Fc2 3292343 Jun 2026

| Model | Params (M) | Top‑1 (K700) | mAP (AVA) | mAP (AudioSet) | Latency (ms) | |---|---|---|---|---|---| | SlowFast + PANNs (late fusion) [10] | 85 | 77.6 | 41.2 | 54.1 | 48 | | Cross‑modal Transformer (CMT) [7] | 92 | 78.9 | 42.5 | 55.3 | 71 | | MMT‑Dual [8] | 61 | 79.5 | 43.8 | 55.8 | 55 | | | 48 | 81.3 | 45.6 | 56.9 | 28 |

where denotes the sigmoid gate, ⊙ element‑wise product, and LN layer‑norm. The fused token f is obtained by concatenating \tildev and \tildea and passing through a linear projection back to ℝⁿ. fc2 3292343

where is cross‑entropy for the primary classification, MSE encourages similar gating patterns for correlated modalities, and Θ denotes all trainable parameters. Hyper‑parameters are set to λ_cls = 1.0 , λ_att = 0.1 , λ_reg = 5 × 10⁻⁴ . | Model | Params (M) | Top‑1 (K700)

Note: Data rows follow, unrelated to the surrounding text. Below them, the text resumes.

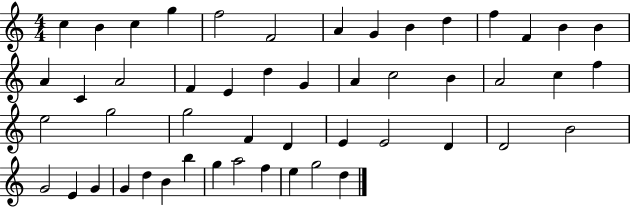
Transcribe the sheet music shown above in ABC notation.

X:1
T:Untitled
M:4/4
L:1/4
K:C
c B c g f2 F2 A G B d f F B B A C A2 F E d G A c2 B A2 c f e2 g2 g2 F D E E2 D D2 B2 G2 E G G d B b g a2 f e g2 d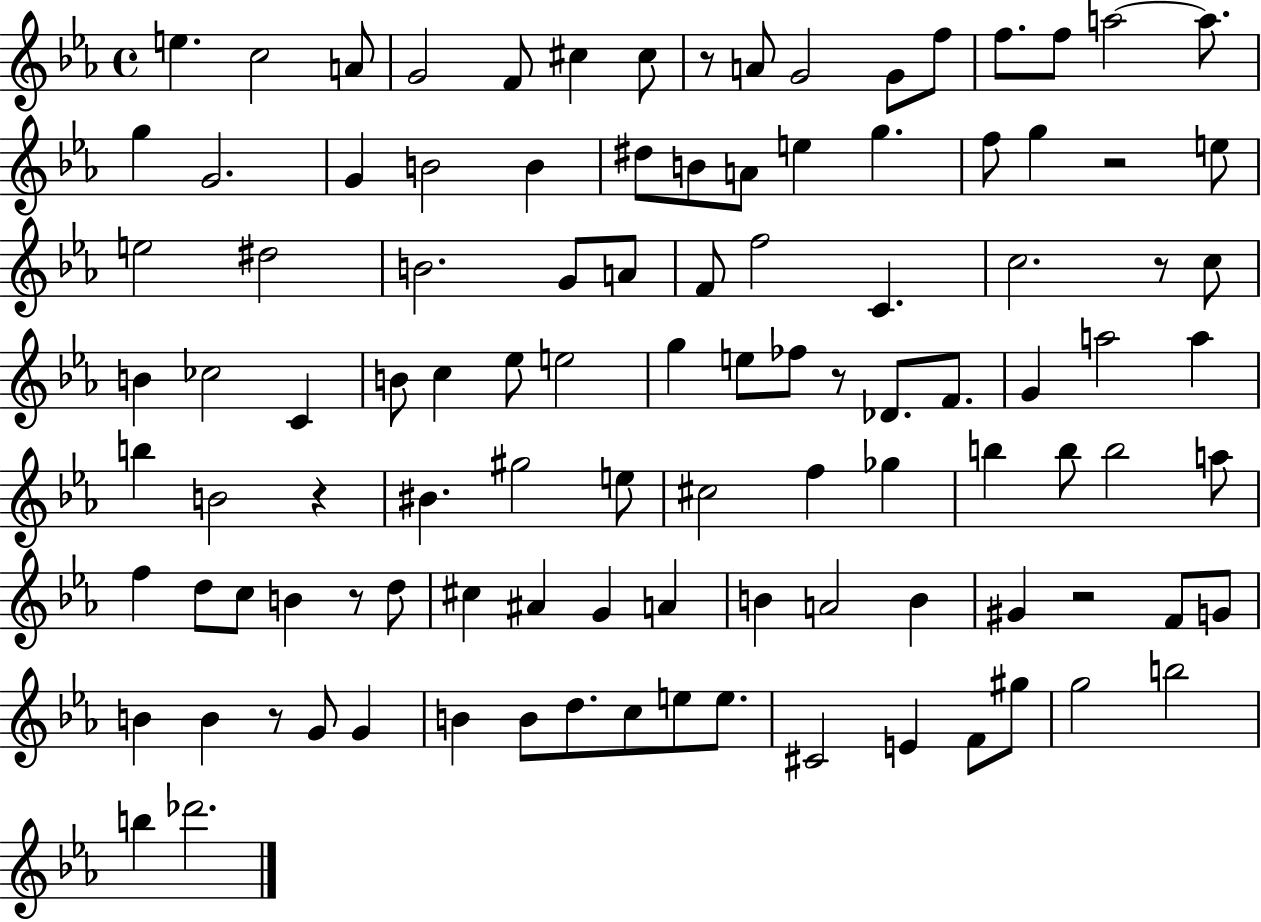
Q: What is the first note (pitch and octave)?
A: E5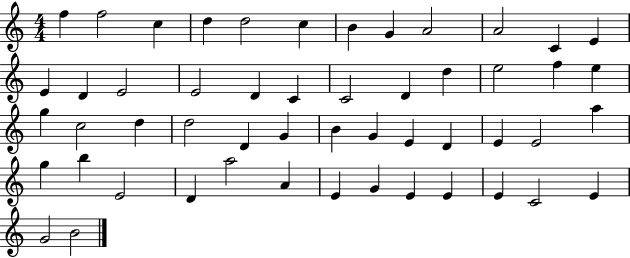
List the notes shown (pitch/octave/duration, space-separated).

F5/q F5/h C5/q D5/q D5/h C5/q B4/q G4/q A4/h A4/h C4/q E4/q E4/q D4/q E4/h E4/h D4/q C4/q C4/h D4/q D5/q E5/h F5/q E5/q G5/q C5/h D5/q D5/h D4/q G4/q B4/q G4/q E4/q D4/q E4/q E4/h A5/q G5/q B5/q E4/h D4/q A5/h A4/q E4/q G4/q E4/q E4/q E4/q C4/h E4/q G4/h B4/h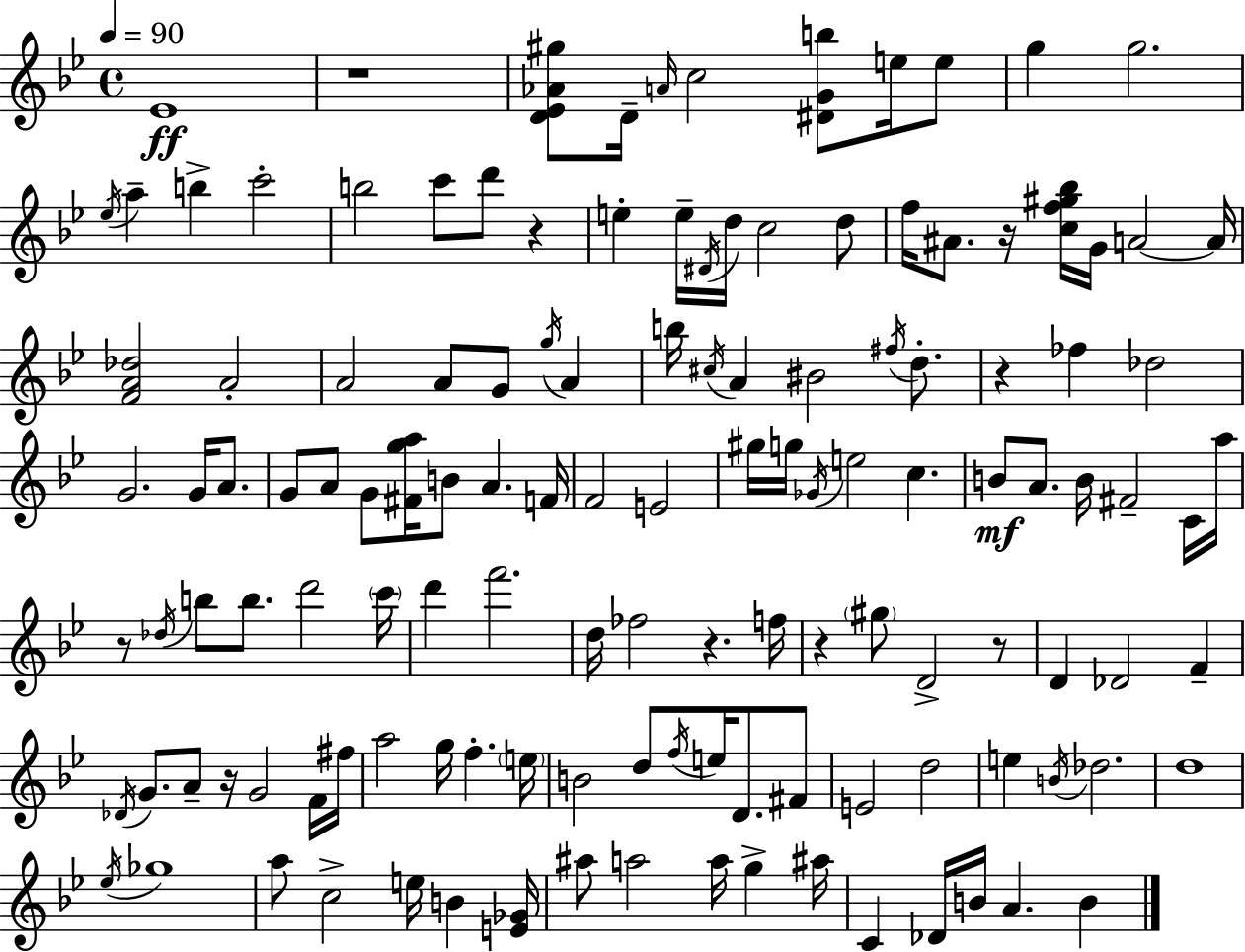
{
  \clef treble
  \time 4/4
  \defaultTimeSignature
  \key g \minor
  \tempo 4 = 90
  ees'1\ff | r1 | <d' ees' aes' gis''>8 d'16-- \grace { a'16 } c''2 <dis' g' b''>8 e''16 e''8 | g''4 g''2. | \break \acciaccatura { ees''16 } a''4-- b''4-> c'''2-. | b''2 c'''8 d'''8 r4 | e''4-. e''16-- \acciaccatura { dis'16 } d''16 c''2 | d''8 f''16 ais'8. r16 <c'' f'' gis'' bes''>16 g'16 a'2~~ | \break a'16 <f' a' des''>2 a'2-. | a'2 a'8 g'8 \acciaccatura { g''16 } | a'4 b''16 \acciaccatura { cis''16 } a'4 bis'2 | \acciaccatura { fis''16 } d''8.-. r4 fes''4 des''2 | \break g'2. | g'16 a'8. g'8 a'8 g'8 <fis' g'' a''>16 b'8 a'4. | f'16 f'2 e'2 | gis''16 g''16 \acciaccatura { ges'16 } e''2 | \break c''4. b'8\mf a'8. b'16 fis'2-- | c'16 a''16 r8 \acciaccatura { des''16 } b''8 b''8. d'''2 | \parenthesize c'''16 d'''4 f'''2. | d''16 fes''2 | \break r4. f''16 r4 \parenthesize gis''8 d'2-> | r8 d'4 des'2 | f'4-- \acciaccatura { des'16 } g'8. a'8-- r16 g'2 | f'16 fis''16 a''2 | \break g''16 f''4.-. \parenthesize e''16 b'2 | d''8 \acciaccatura { f''16 } e''16 d'8. fis'8 e'2 | d''2 e''4 \acciaccatura { b'16 } des''2. | d''1 | \break \acciaccatura { ees''16 } ges''1 | a''8 c''2-> | e''16 b'4 <e' ges'>16 ais''8 a''2 | a''16 g''4-> ais''16 c'4 | \break des'16 b'16 a'4. b'4 \bar "|."
}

Proceedings of the 2026 International Conference on Computer Vision & Pattern Recognition (ICCV‑2026) Hyper‑parameters are set to λ_cls = 1

[ \mathcalL = \lambda_\textcls ,\mathcalL_\textCE(y,\haty)

Common tags associated with this entry include Amateur , G-Cup , Uncensored , and Outflow (leaked content).